Bizim
bayramlarda günler öncesinden hazırlıklar başlardı. İkram edilecek yiyecekler
hazırlanır, gümüşler parlatılır, avizelerin taşları tek tek silinir,
misafirlere ikramda bulunurken
kullanılacak tabak, bardak vs hazırlanır, bayram şekeri, sigara alınır,
çocuklara verilecek harçlık, mendil hazır edilir, en güzeli ve en heyecanlısı
ise bayramlık kıyafetler alınırdı. Bayram şekeri almak da çok keyifliydi.
Şekercilerin önü rengarenk şekerlerle dolu olurdu ve onlara bakmak hoşuma
giderdi. Hem çikolata hem badem hem de kağıtlı şekerlerden alınırdı. Çünkü
kahve ile likör ikram edilir, onun yanında da badem ve çikolata verilirdi.
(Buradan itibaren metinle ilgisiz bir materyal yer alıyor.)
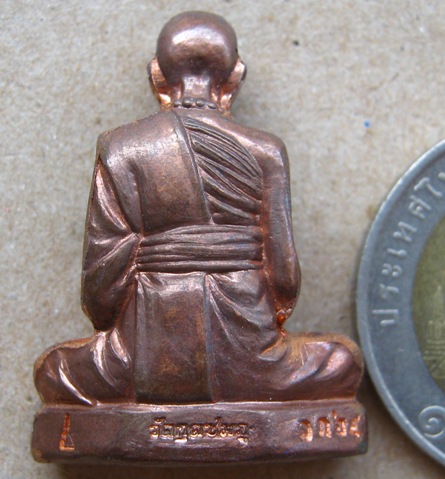 รูปเหมือนปั๊มรุ่นแรก หลวงปู่คำบุ วัดกุดชมภู จ.อุบลฯ ปี2555เลข1324 เนื้อทองแดง สร้าง1599องค์ +กล่อง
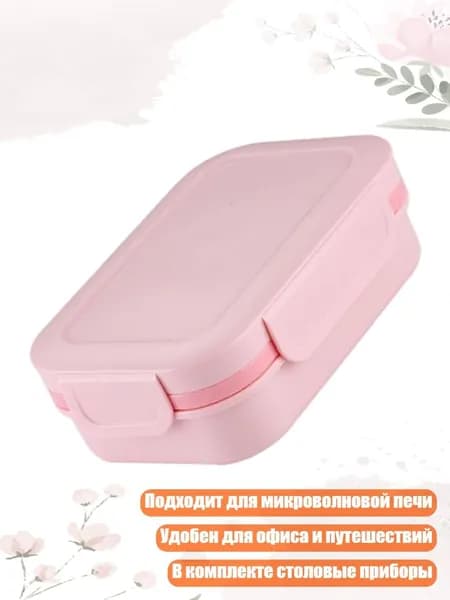 Герметичный контейнер для еды с набором столовых приборов, подходит для микроволновки, офиса и путешествий, Двухцветный порошок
Hiç
hoşuma gitmeyen ve nedenini anlayamadığım bir alışkanlık da sigara ikramıydı.
Kokusu, külü herşeyiyle kötü olan bir şey neden ikram edilirdi hala
anlayamamışımdır. Üstelik bizim evde de
hiç sigara içen yoktu. Şekerin peşine kolonya, isteyene dantel örtülü
gümüş tabakla getirilen su ikramından sonra bayram tatlılarına geçilirdi. Bizim
evin favori tatlısı hurma (kalburabastı) idi. Babaannemin hurmasının üstüne de
yoktu.
Bayram
ziyaretleri kısa tutulup daha çok eve ziyarete gidilmeye çalışılırdı. Bütün
gün yemek , içmek, gezmek ve misafirlere ikramda bulunmakla geçerdi.
Bayram misafiri ağırlamak farklı bir törendi ve çok eğlenirdik. Bizim evde
bayram sabahları kahvaltıyla değil yemekle başlardı. Hem de ne yemek. Gün
içinde gelen misafirler yada gidilecek misafirlikler nedeniyle fırsat
olmayacağı düşüncesiyle doğan bir alışkanlık mıydı bilmiyorum. Bayram sabahı
yemek sofrasına çok özenilirdi ( gerçi
annem her zaman özenir ama). Tüm aile bayramlıklarını giyer masaya
oturur. Masada yok yok. Yoğurtlu çorba, etli bulgurlu yaprak sarma, etli
nohutlu pirinç pilavı olmazsa olmaz. Yemekten sonra ailece bayramlaşılır,
bayram harçlıkları verilir. Kahve ve çikolatadan sonra bayram tatlısı yenir.
Artık misafir kabul etmeye yada misafirliğe gitmeye herkes hazırdır. Bu ritüel
bizde halen her bayramda tekrarlanır. Önce aile büyüklerine gidilip el öpülüp
bayramları kutlanır. Büyükler çocuklara bayram harçlığı verir. Bazen harçlıklar
mendilin içine konularak verilirdi. Kız çocuklarına verilen mendiller işlemeli,
kenarı oyalı olabilirdi. Halam, ablama verdiği o iğne oyalı mendillerden bana
ne zaman verecek diye dört gözle beklemiştim. O mendiller hem çok güzeldi hem
de büyümenin göstergesiydi. Hala da güzel değiller mi?
Şeker toplayan çocukları, uçan baloncuları, bayram kutlayan bekçileri ve davulcuları anmadan bitirmeyelim.